Material and Methods
Animals
Two male macaque monkeys, one Macaca fascicularis (MF), aged 20, and one Macaca mulatta (MM1), aged 5, were used for the tracer study. Two male Macaca mulatta, one aged 8 (MM2) and one aged 2.5 years (MM3) were used for the detailed retina analyses. The animals were kept in the primate animal facility of the University of Alabama at Birmingham in 12:12 light:dark conditions. For the tracing study, MM1 and MF received a unilateral injection of 100 μl of 1% cholera toxin B (CtB) (List Biological) in sterile water into the vitreous body using a 1cc tuberculin syringe under isoflurane anaesthesia. Following a survival time of 7 days, the animals were deeply anesthetized with barbiturate and perfused through the aorta with 800 ml of warm (~37°C) 1% Sodium nitrite/0.9% Sodium chloride followed immediately by 4 L of cold (~4°C) 4% paraformaldehyde (PFA in PBS, pH 7.2). Eyes and brain were removed and the eyes were postfixed for 2 hours in PFA with anterior chamber removed during the fixation. The retinas were removed and placed in PBS followed by cryoprotectant (see below). The brains were placed in a solution of 30% sucrose in 0.1M phosphate buffer (PBS) for 48-96 hours. The brains were subsequently frozen, coronally sectioned at 40 μm using an AO 860 sliding microtome, and placed in PBS which was later replaced by cryoprotection solution (30 % sucrose, 1% Polyvinyl-Pyrrolidone (PVP-40), 30 % Ethylene glycol, 0.05 M Sodium phosphate buffer, pH 7.2) for better conservation and thereafter stored at −20 °C until immunohistochemically processed (see below). The anaesthesia used for MM2 and MM3 was initiated with Ketamine followed by Pentobarbital (200 mg/kg BW), and the animals were then perfused through the aorta with 2 L 1% Sodium nitrite/0.9% Sodium chloride and fixed with 3 L Stefani fixative for two 2h. Eyes were removed, the anterior chambers were removed, and they were post fixed overnight in PFA/Stefanini fixative. Subsequently, the retinas were dissected and placed in PBS followed by cryoprotectant.

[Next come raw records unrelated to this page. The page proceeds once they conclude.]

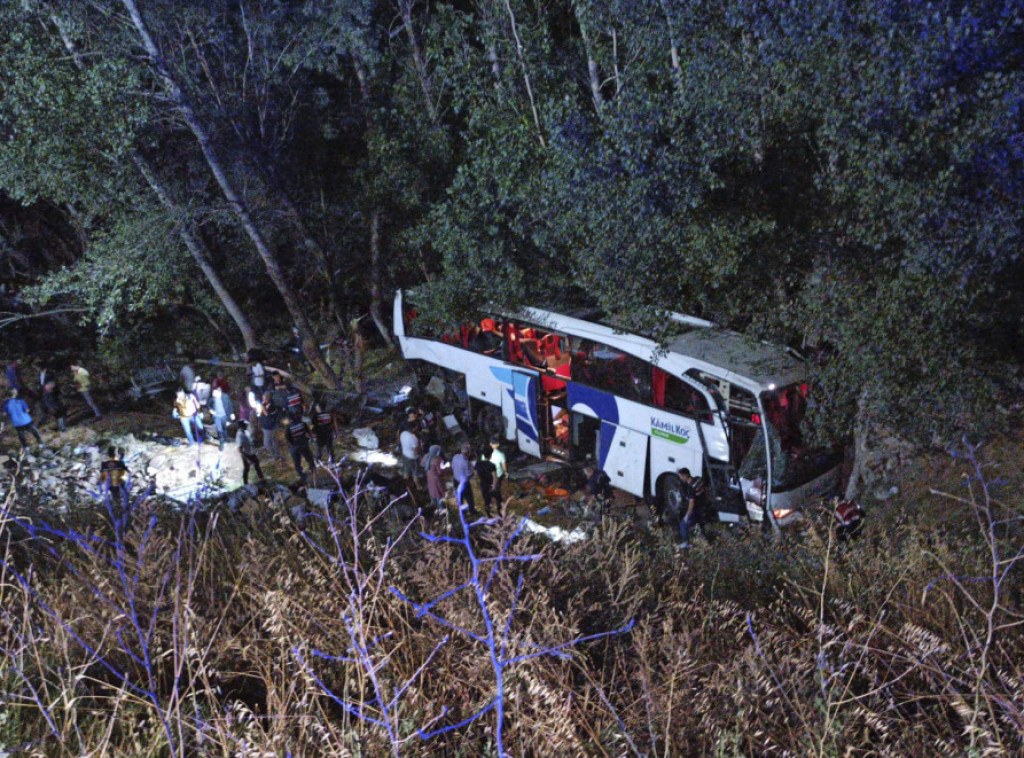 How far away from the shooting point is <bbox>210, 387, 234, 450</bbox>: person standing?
520 inches

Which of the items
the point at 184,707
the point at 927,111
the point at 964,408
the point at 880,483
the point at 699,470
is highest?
the point at 927,111

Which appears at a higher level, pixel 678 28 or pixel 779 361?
pixel 678 28

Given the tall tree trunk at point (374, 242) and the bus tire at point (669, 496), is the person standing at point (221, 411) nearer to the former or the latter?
the tall tree trunk at point (374, 242)

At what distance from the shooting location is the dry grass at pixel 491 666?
252 centimetres

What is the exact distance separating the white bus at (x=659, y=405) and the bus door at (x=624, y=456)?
0.06 feet

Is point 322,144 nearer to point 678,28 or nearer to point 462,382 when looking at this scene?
point 462,382

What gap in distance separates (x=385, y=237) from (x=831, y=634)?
1509cm

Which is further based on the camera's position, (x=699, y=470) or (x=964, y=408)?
(x=699, y=470)

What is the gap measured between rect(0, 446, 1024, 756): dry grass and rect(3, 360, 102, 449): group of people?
9.52 meters

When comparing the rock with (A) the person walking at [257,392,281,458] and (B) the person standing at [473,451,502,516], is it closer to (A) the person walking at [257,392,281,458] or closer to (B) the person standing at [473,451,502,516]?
(A) the person walking at [257,392,281,458]

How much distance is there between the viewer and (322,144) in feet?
57.1

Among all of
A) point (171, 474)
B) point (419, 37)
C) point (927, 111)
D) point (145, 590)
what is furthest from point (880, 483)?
point (419, 37)

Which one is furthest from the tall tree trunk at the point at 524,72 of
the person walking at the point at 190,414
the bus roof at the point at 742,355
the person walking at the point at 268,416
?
the person walking at the point at 190,414

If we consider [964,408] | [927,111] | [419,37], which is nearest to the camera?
[927,111] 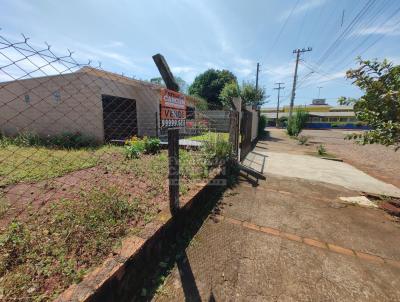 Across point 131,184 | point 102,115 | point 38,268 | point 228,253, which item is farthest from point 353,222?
point 102,115

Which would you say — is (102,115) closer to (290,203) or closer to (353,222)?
(290,203)

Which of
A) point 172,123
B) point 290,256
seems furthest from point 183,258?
point 172,123

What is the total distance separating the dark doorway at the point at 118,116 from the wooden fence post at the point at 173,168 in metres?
7.51

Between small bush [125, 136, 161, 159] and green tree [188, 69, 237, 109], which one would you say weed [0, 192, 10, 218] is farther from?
green tree [188, 69, 237, 109]

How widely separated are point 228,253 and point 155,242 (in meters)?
0.84

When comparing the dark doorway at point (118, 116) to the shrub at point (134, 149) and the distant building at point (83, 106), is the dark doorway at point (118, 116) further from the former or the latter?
the shrub at point (134, 149)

Experimental procedures were approved by the University of Alabama at Birmingham Institutional Animal Care and Use Committee (IACUC) and complied with the USPHS Policy on Humane Care and Use of Laboratory Animals.
Immunohistochemistry
Brain sections were treated by antigen retrieval solution for 16 h at 40 °C(DAKO ChemMate, code No. S 203120 in distilled water, pH 6) before processing for immunohistochemistry. Flat-mount retinas were treated with antigen retrieval solution for 1.5-2 h at 80 °C (DAKO ChemMate, code No. S 203120 in distilled water, pH 6) followed by immunostaining for PACAP (see below). Subsequently, the retinas received another treatment in antigen retrieval solution of 1.5 h at 80 °C when using the C-terminal anti-melanopsin antibody (see below) or no antigen retrieval when using the N-terminal anti-melanopsin antibody (see below)(DAKO ChemMate, code No. S2367 in distilled water, pH 9).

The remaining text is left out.